MATERIAL FOR THIS EXERCISE ▸

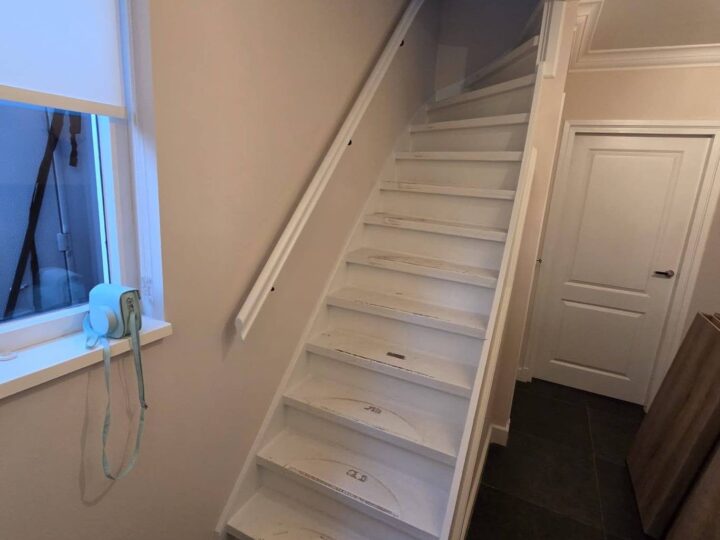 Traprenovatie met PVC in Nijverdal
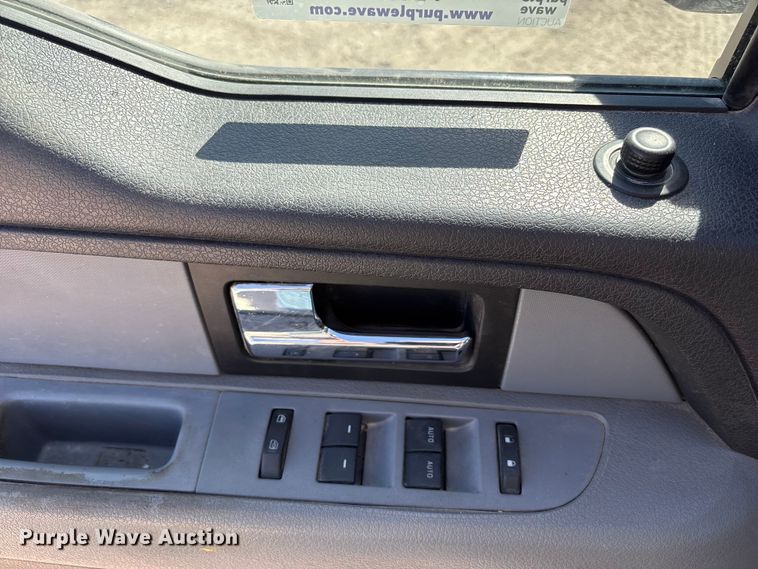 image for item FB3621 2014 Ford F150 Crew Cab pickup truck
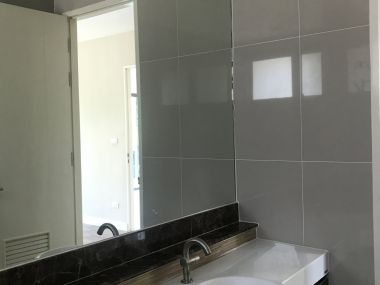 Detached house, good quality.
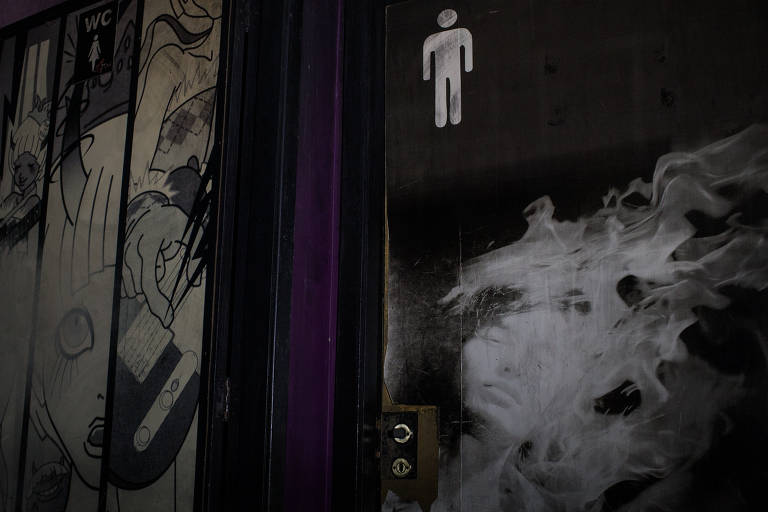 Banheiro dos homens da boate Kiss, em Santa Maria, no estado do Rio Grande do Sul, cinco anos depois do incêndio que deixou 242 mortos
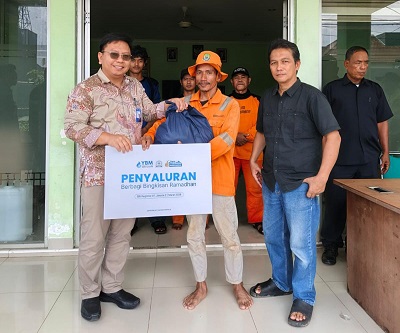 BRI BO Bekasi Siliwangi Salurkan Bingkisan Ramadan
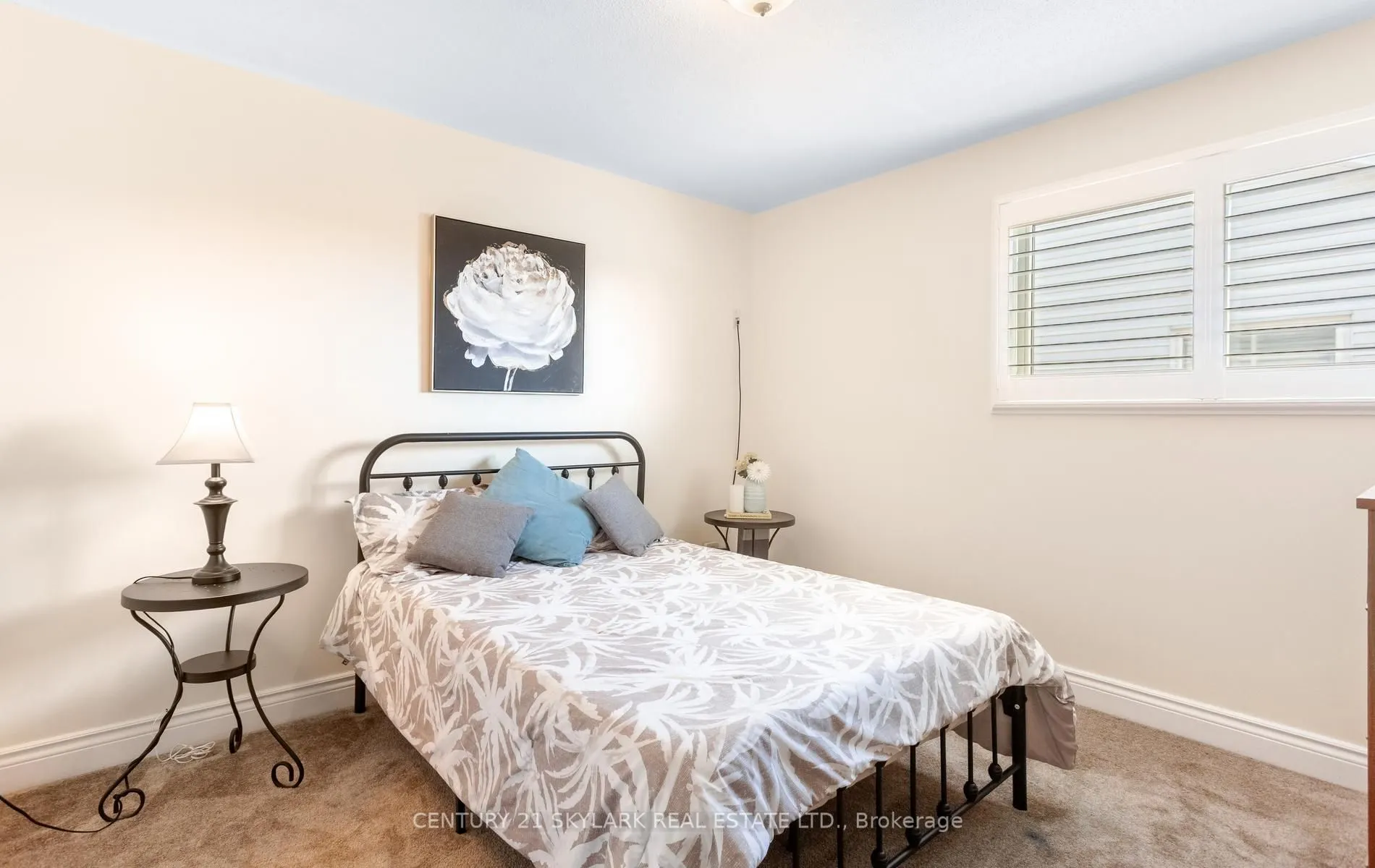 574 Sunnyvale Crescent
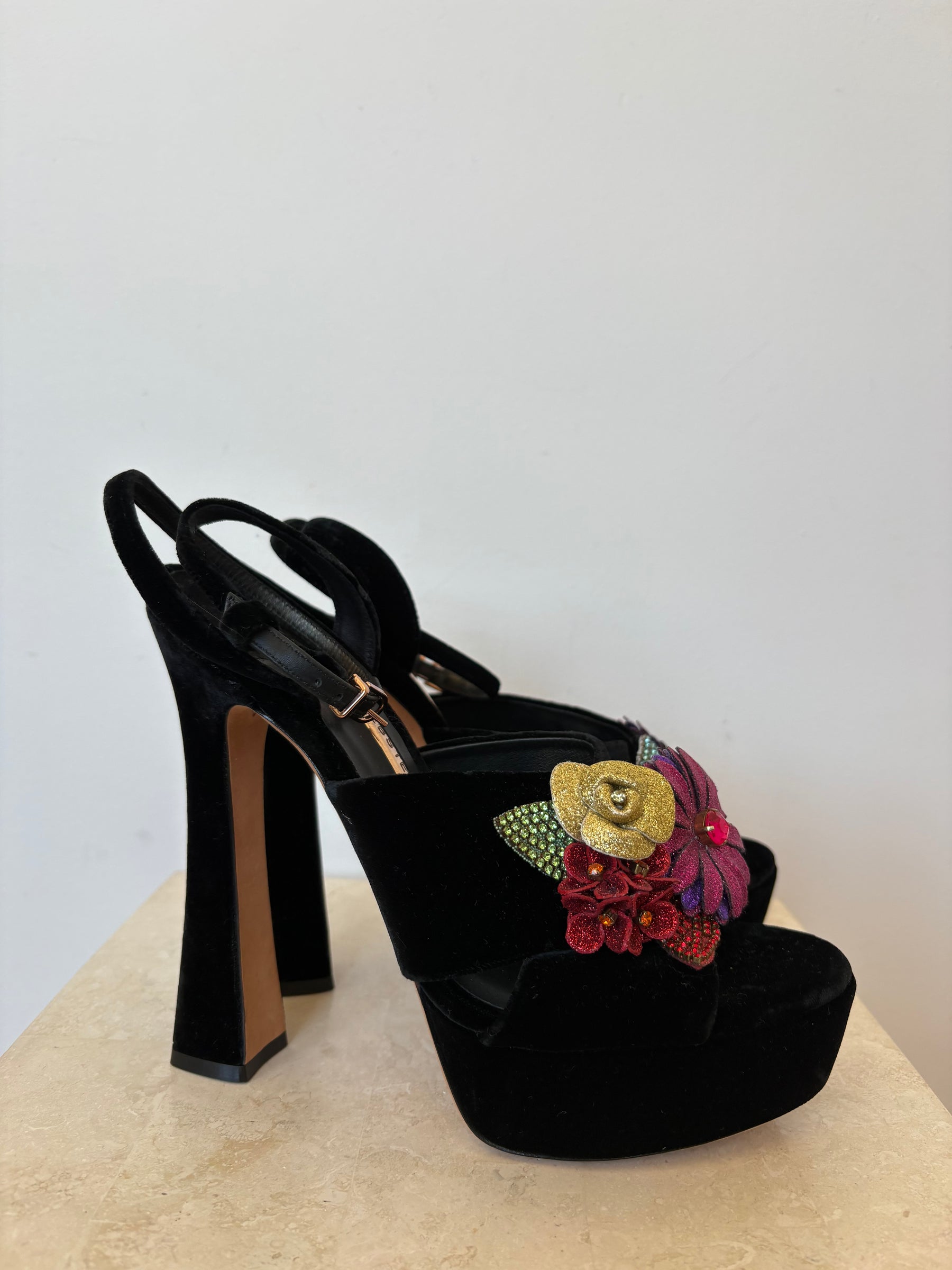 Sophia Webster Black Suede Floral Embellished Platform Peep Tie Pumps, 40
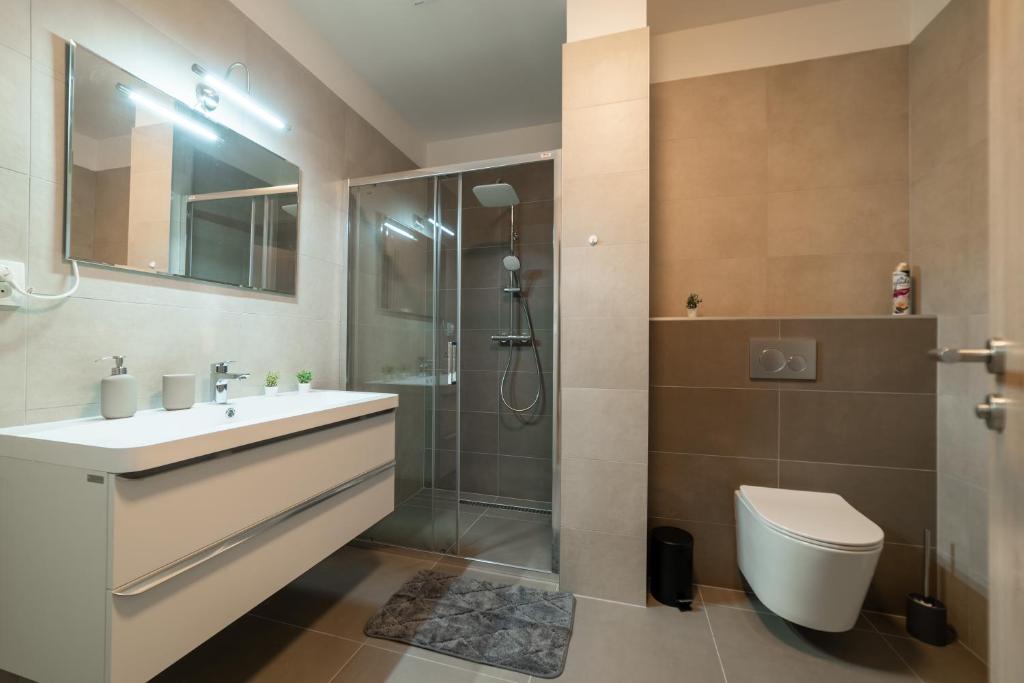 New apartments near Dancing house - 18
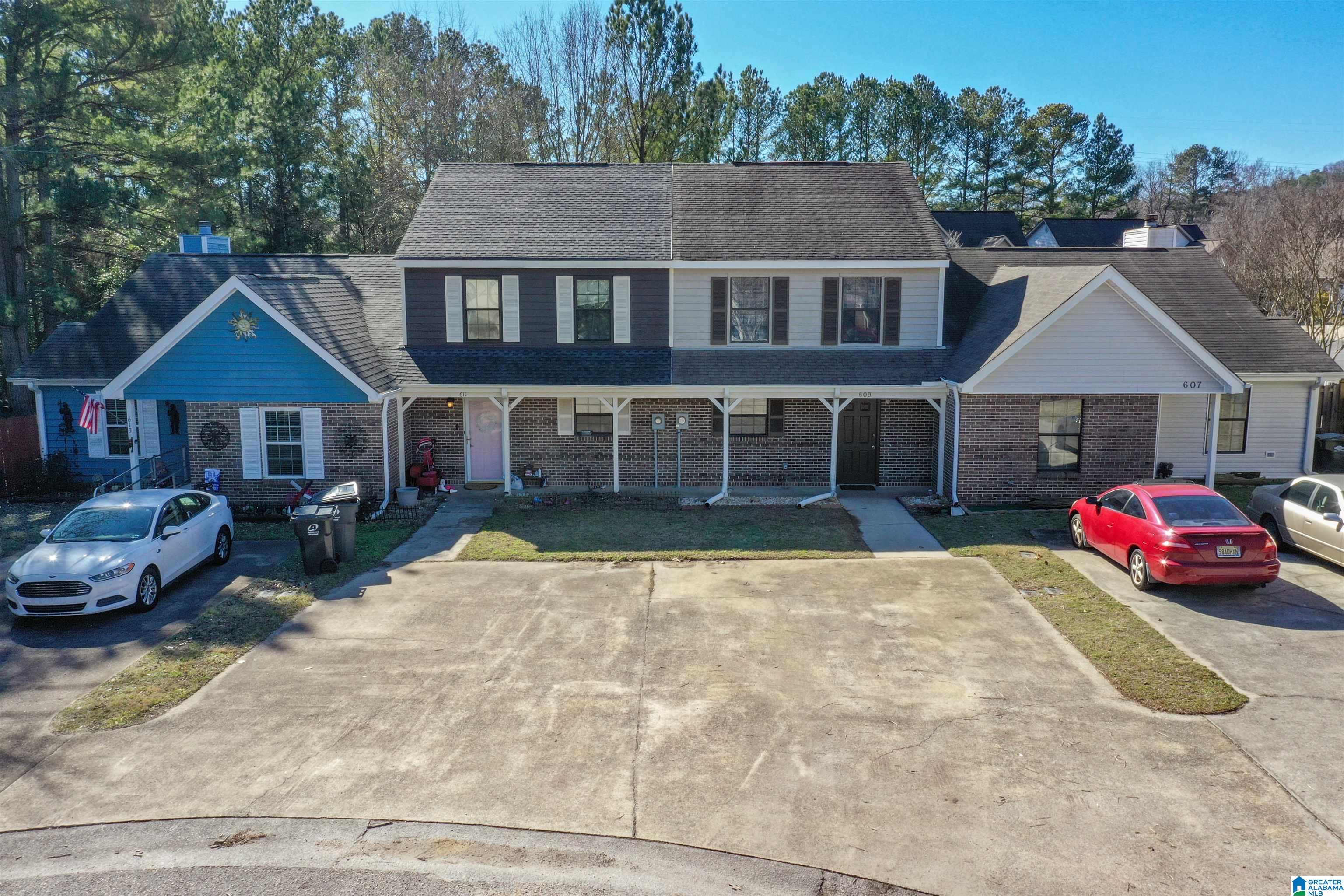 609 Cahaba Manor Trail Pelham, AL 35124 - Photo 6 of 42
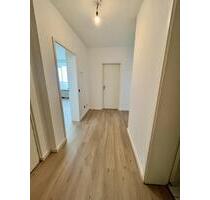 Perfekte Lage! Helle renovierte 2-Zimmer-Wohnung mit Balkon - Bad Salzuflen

EXERCISE ▸ Only the pictures are to be left out; copy all the remaining material above exactly.

OUTPUT OF THE EXERCISE ▸
 Traprenovatie met PVC in Nijverdal
 image for item FB3621 2014 Ford F150 Crew Cab pickup truck
 Detached house, good quality.
 Banheiro dos homens da boate Kiss, em Santa Maria, no estado do Rio Grande do Sul, cinco anos depois do incêndio que deixou 242 mortos
 BRI BO Bekasi Siliwangi Salurkan Bingkisan Ramadan
 574 Sunnyvale Crescent
 Sophia Webster Black Suede Floral Embellished Platform Peep Tie Pumps, 40
 New apartments near Dancing house - 18
 609 Cahaba Manor Trail Pelham, AL 35124 - Photo 6 of 42
 Perfekte Lage! Helle renovierte 2-Zimmer-Wohnung mit Balkon - Bad Salzuflen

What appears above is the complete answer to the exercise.